When we pass a full path to dirname(), it'll figure out how to appropriately chop off the filename and let us work with the remainder of the path.


Our reactor class from earlier has added a feature that notifies a number of people when a problem occurs. To accomplish this, we pass an array into the class and build the notification list from it.

class { 'reactor':
  notifications => [ 'engineer1', 'engineer2', 'engineer3' ]

In the module we have:

file { '/etc/app/notifications.conf':
  ensure  => present,
  content => template('reactor/notifications.conf.erb'),

This template takes each element of the array and writes them, one by one, on separate lines. Unfortunately, the reactor application isn't very smart. When it wants to notify users of a problem it starts by notifying the top person, and then, if they don't reply, it slowly works down the list. This means Engineer1 is drowning in alerts while the others, Engineer2 and Engineer3, are carousing at the local bar.

We can fix this! fqdn_rotate will rotate an array a random number of times based on the nodes' fqdn. This means that every node will randomize the array slightly differently, helping to distribute the alerts to all three engineers.

The randomizing remains the same based on the hostname, meaning that future puppet runs will keep the same ordering and won't continue rewriting the notifications list.


Our reactor system needs to check in with the monitoring system and let it know things are OK. In the past, one of our coworkers hardcoded the IP of the monitoring system into the application and, when we moved it, things broke and bad things happened. We decide to mitigate this risk by disallowing IP addresses in the module. When called with:

class { 'reactor':
  monitoring_system => ''

We protect ourselves with:

if has_ip_address($monitoring_system) {
  fail("No way! Not after the last chewing out.")
} else {
  class { 'reactor::monitor': monitoring_system => $monitoring_system }

The flipside of has_ip_address is also quite useful: is_domain_name.


Our development team has released yet another version of the reactor, codenamed "No meltdowns since 2013." We start working on the Puppet updates needed to deploy the new release. They've added a new access control system so monitoring alerts can be viewed in the browser rather than checking the emailed alerts setup earlier. Unfortunately for us, consistency wasn't part of this design and the configuration entry goes into critical_configuration.conf and looks like:

monitoring_acl = engineer1,engineer2,engineer3

Luckily, we already have that information in our notifications parameter (['engineer1', 'engineer2', 'engineer3']), but it's in the form of an array. We could write a bunch of code in the template to iterate over the array and write out the entries, but Puppet makes this easy for us with join. We can simply do

$monitoring_acl = join($notifications, ",")

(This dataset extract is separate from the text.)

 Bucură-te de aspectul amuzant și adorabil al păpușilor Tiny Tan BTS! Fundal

This statement gives us the format we need for the configuration file by taking each entry of the array and joining them together with a ','. We leave early and join the engineers at the bar.


As time passes, even more functionality slips into our reactor. We have a new configuration file created by a hotshot developer requiring us to pass in a whole bunch of information to populate the template for the file. We realize that we have most of the information needed in the form of a yaml file that we can download each night onto our puppet master.

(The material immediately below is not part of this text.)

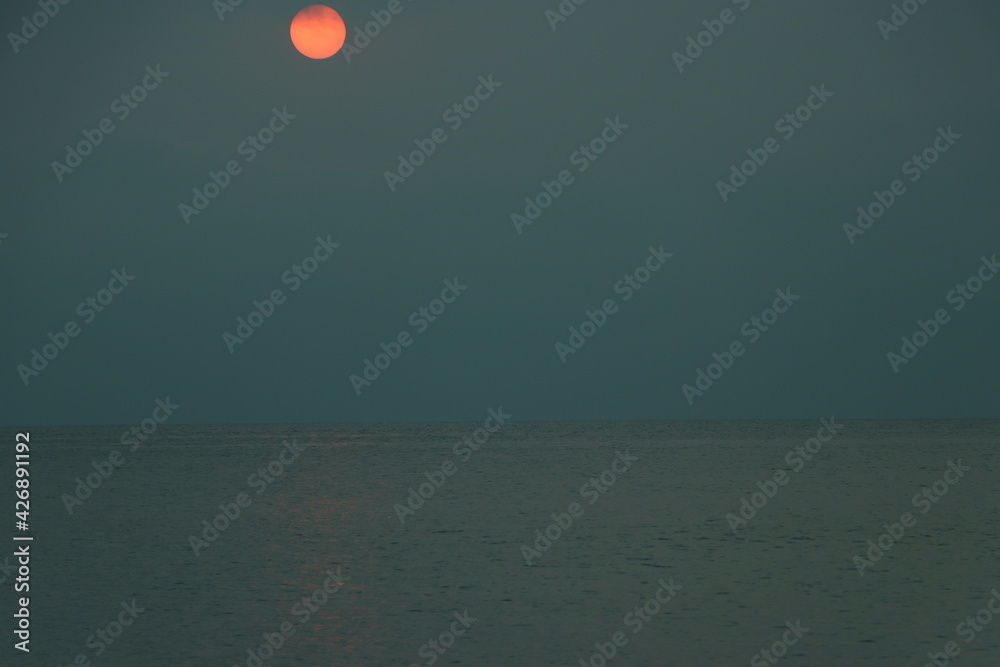 Sunset on the beach over sea Sunset on the beach over sea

Rather than trying to define a large hash in Puppet and manually copying the information in, we can simply borrow the yaml file and write

$configuration_data = loadyaml('/etc/puppet/data/downloaded_report.yaml')

Doing this will load the enormous nested hash contained in the report and make it natively available in a variable within Puppet. We can then simply access @configuration_data['thing'] in the template and be finished in no time.


(Of all the functions we're looking at in this post, this one is my favorite!)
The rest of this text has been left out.